When wearing his research hat, Cornell's David Mermin is a
theoretical physicist, but his ferocious drive to find the simplest
explanations of physical concepts has echoed far beyond work in his
research specialty. For example, it was Mermin's extraordinarily
simple explanation of Bell's inequality that taught several
generations of physicists and philosophers of science the range and
depth of what John Bell had done. In particular, Mermin made the
depth of Bell's contribution transparent: The results of quantum
observations that ground the inequality could be grasped in their
entirety without the details of the theory of quantum
mechanics; the correlations between distant effects simply make it
necessary that any theory, canonical quantum mechanics or
any putative alternative, would have to be nonlocal.

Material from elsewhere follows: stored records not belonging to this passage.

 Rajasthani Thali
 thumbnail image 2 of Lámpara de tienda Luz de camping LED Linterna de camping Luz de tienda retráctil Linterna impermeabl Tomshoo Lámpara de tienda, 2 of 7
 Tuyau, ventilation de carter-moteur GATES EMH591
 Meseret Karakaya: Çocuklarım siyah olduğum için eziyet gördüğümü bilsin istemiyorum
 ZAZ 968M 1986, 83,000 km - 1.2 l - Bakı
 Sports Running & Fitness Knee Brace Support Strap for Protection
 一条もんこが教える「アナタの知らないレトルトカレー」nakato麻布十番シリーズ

Bernstein's and Mermin's styles differ too. If you have read even a
single one of Bernstein's sketches, you will recognize his style
immediately: a mixture of conceptual presentation, telling anecdote
and personal reminiscence. In his new book, Secrets of the Old
One, he uses this approach to good effect. Einstein himself
stands just outside—or, more precisely,
before—Bernstein's story. But stories, including some I've
never heard, appear right and left, many based on Bernstein's
discussions with leading physicists who knew Einstein well
(especially the physicist-philosopher Philipp Frank), and others
based on Einstein's letters and other writings.

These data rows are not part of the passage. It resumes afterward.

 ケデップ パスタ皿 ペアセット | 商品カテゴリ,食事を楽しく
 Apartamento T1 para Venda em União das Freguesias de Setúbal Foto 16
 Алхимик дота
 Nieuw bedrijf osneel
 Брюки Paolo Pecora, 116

Secrets of the Old One truly is a book aimed at a wide
audience. It should be no trouble to read for anyone who enjoys
sophisticated, often witty writing about science. There are a few
moments when more technical comments will fly by—a beautiful
side remark about the relative dimensions of the magnetic and
electric fields is pregnant with meaning. When a point is central,
Bernstein slows to explain it with enormous clarity: the random
walk, the Doppler shift, ether experiments, the twin paradox. Then,
around these scientific explorations, Bernstein wanders in the best
essay style through relevant stories of Viennese cafes and American
basement laboratories. (Mermin's text—more on this in a
moment—is a step up the ladder of demands that can be made on
an audience.)
Bernstein aims to cover the basics of Einstein's theory of special
relativity, Brownian motion and the quantum of light, and he treats
each neatly. Beginning with relativity has advantages for Bernstein:
In a way, at least in the retelling, it requires the least technical
background to understand—and Bernstein uses this physical
simplicity to advantage by beginning with explanations even of the
Pythagorean Theorem, which Einstein so admired as a child. Bernstein
discusses the Lorentz transformations, making them plausible in
their Einsteinian form, and introduces to good effect the space-time
diagrams of the great mathematician and mathematical physicist
Hermann Minkowski. Bernstein has a nice and simple discussion of how
Einstein used the random walk to treat the erratic movements of
colloidal particles as evidence for the physical reality of atoms.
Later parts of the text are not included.